On ne vous parlerait pas normalement d’Adrian Younge sur Sakatrak pour la simple et bonne raison que son champ musical est d’habitude exclu de ce qu’on traite ici. Pour ceux qui ne le connaissent pas, il a récemment fait parler de lui en co-composant avec Ali Shaheed Mohammad (membre de A Tribe Called Quest) la musique de la dernière série Marvel diffusée sur Netflix, Luke Cage (superbe bande son soul tout droit sortie des années soixante). Véritable virtuose de la soul, il a composé deux albums avec son groupe Venice Dawn, qui ressemblent tellement à la BO d’un film de la blaxploitation qu’on ne pourrait pas deviner qu’ils datent des années 2010. Il ne cherche d’ailleurs pas à cacher ses inflences, puisqu’il a par la suite sorti un album avec le leader des Delfonics (groupe mythique des années 60).

Mais la plupart de ses collaborations se font avec des rappeurs : il s’est d’ailleurs associé avec Ghostface Killah du Wu-Tang Clan pour deux albums truffés d’instrus jazzy/hip hop garanties sample-free.
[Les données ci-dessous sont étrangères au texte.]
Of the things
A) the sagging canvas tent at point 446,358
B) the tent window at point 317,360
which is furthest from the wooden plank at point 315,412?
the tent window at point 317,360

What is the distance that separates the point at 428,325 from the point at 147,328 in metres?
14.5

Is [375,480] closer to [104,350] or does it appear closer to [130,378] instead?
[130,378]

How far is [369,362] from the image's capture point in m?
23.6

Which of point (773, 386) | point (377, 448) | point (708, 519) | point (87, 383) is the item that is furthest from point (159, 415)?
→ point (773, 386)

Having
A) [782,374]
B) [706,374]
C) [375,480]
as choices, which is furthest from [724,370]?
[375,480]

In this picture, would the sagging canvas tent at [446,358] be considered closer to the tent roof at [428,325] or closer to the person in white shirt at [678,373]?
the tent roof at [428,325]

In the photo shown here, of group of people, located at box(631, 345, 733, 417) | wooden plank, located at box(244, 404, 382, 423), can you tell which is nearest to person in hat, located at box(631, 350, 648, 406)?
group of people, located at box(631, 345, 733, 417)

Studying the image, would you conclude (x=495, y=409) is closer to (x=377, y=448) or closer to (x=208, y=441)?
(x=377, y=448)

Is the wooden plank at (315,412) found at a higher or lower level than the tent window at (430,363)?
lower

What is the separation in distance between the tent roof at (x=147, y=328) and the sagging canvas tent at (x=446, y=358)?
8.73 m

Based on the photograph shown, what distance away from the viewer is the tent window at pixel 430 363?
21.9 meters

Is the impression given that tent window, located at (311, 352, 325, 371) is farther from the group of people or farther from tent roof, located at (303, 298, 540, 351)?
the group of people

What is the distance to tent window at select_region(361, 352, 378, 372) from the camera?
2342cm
On vous invite aussi fortement à regarder sa Boiler Room, truffée de raretés jazz et soul.

Pour son talent d’écriture et sa maitrise des instruments, Younge s’est donc vu érigé au rang de génie contemporain de la musique noire américaine. Mais avec son dernier album, il s’essaye à quelque chose de nouveau : The Electronique Void (sorti en septembre 2016 sur Linear Labs) revient aux origines de la musique électronique en n’utilisant que du matériel analogique.

Cet album se veut à la fois un hommage à tout les pionniers qui ont contribué à l’esthétique du genre (tels que Dick Hyman ou Raymond Scott), mais aussi une invitation à redécouvrir la musique électronique originelle. « J’ai toujours voulu faire un album de musique électronique comparable à ce qu’un Kraftwerk aurait pu faire en 1972 », a dit Younge. Il assouvit son envie dans cet album, grâce à des sonorités dignes de la genèse de la musique électronique revisitées avec sa patte.

Mais The Electronique Void ne s’arrête pas à une ambition : il se veut également être porteur d’une histoire qui se déroulerait comme les chapitres d’un roman. Une histoire d’amour entre un homme et une femme racontée par une voix vocodée, volontairement incompréhensible sans sous-titres, dans le but de nous inviter à rentrer un peu plus loin dans son univers.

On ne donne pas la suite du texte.